By Tyler CowenPosted Wednesday, June 13, 2007, at 3:37 PM ET
Oddly, Taleb's argument is weakest in the area he knows best, namely finance. Only on Wall Street do people seem to give proper credence—not too much, not too little—to very unlikely events. It is easy enough to use hindsight to identify the black swans Wall Street has missed, such as stock-price crashes. But it is harder to argue that the market undervalues surprise more generally. Stock and bond markets offer simple ways to bet on black swans. In financial terminology, you can purchase an option that is "deeply out of the money"; for instance, you can bet that Google shares will rise or fall in value an enormous amount over the next three months. These investments pay off precisely when the rest of the market does not anticipate the scope for surprise. Yet "long-shot" strategies are well-studied, and they do not yield extra profit. In other words, organized securities markets track rare and unpredictable events as well as the current state of knowledge will allow. If you don't believe me, it is easy enough to bet on the Los Angeles Clippers to win the 2008 NBA title, or to bet on the longest odds at the racetrack. Such actions are hardly the path to either happiness or riches.
The Black Swan also encounters some problems when it attempts to map out a metaphysical philosophy.
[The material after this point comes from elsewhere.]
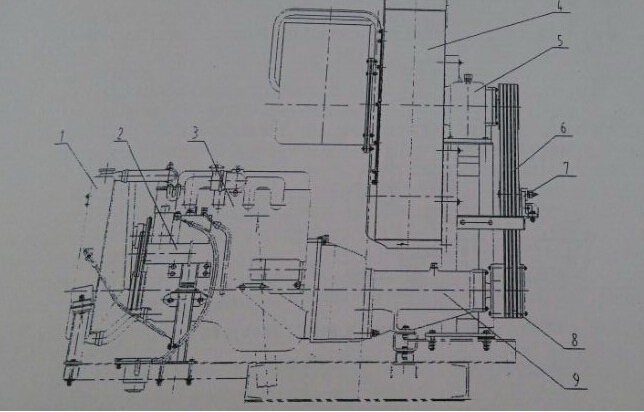 2,液壓泵 3,副發動機 4,風機 5,風機軸承座 6,窄v帶 7,皮帶張 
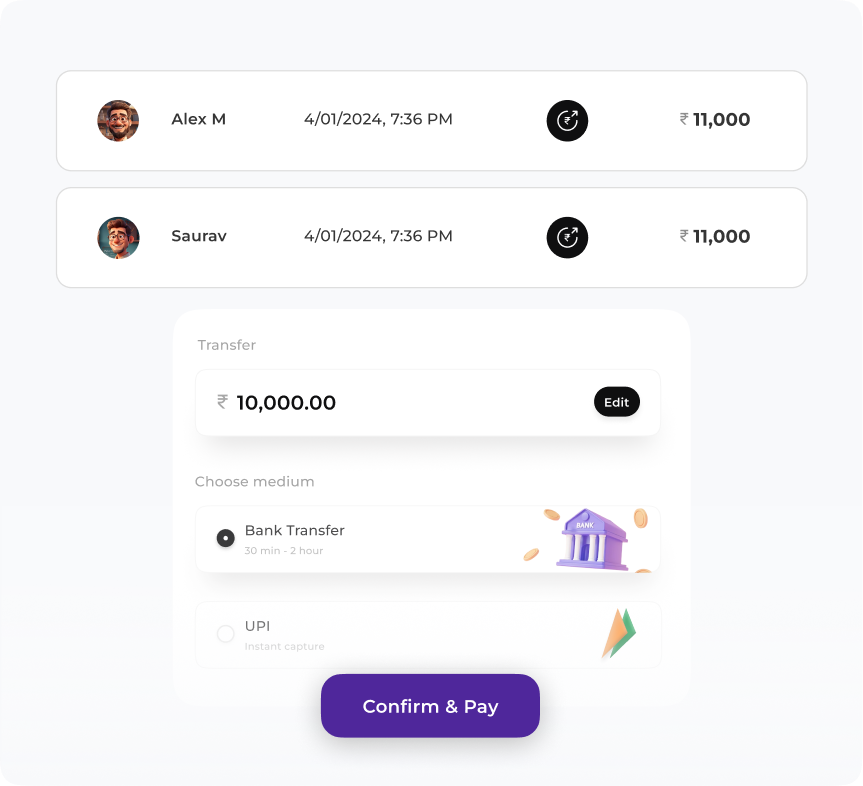 Claim settlement platform dashboard snippet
The prologue tells us that "[a] small number of Black Swans explain almost everything in our world. …" In Taleb's view, "ordinary events, the ones we study and discuss and try to predict from reading the newspapers, have become increasingly inconsequential."
Promoting the supreme nature of the extraordinary seems to this (ordinary) reviewer a largely semantic point. Virtually by definition, the bulk of what goes on is ordinary events determined by ordinary processes—mixed in, of course, with some extraordinary influences. Shakespeare, George Washington, and Osama Bin Laden have shaped history, but the lives of billions of ordinary people matter, too, and they shape history as well, although not always in obvious ways. Elevating the importance of the extraordinary alone is more rhetorical posturing than insight. Even genius depends more on years of concentrated hard work than on unique momentary inspiration, as evidenced by studies that show the effects of practice on top-tier musicians and composers. Taleb is a talented writer, and often offers up a brilliant sentence or a clever, darting aphorism; he has a harder time developing a systematic message that is not only true but also original.
Taleb does insist on the originality of his work—regarding it as a black swan, of course—and refers to opposing views as the "GIF: Great Intellectual Fraud." Nonetheless, the idea of a Power Law as a deeply skewed and asymmetric distribution is well-known, and the statistical notion of "ergodicity" (roughly, the idea that the initial state of a system does not predict its end state very well) has been around for a long time. In 1921, economist Frank Knight drew a distinction between unquantifiable and radical uncertainty and the risk of flipping a coin or playing a roulette wheel. If these ideas have not always been part of the mainstream, it is because they can quickly prove intractable, not because they have been suppressed by an arrogant scientific community.
The Black Swan is a kaleidic book—to borrow Shackle's term—full of surprising examples, and in that sense the medium is true to the message. Yet Taleb's previous book Fooled by Randomness was unpredictable as well. So, his latest effort—however thought-provoking—is not a black swan in every way. Taleb may disagree, but he should take heart. Incremental progress is a hard enough achievement, and it is to be applauded with vigor.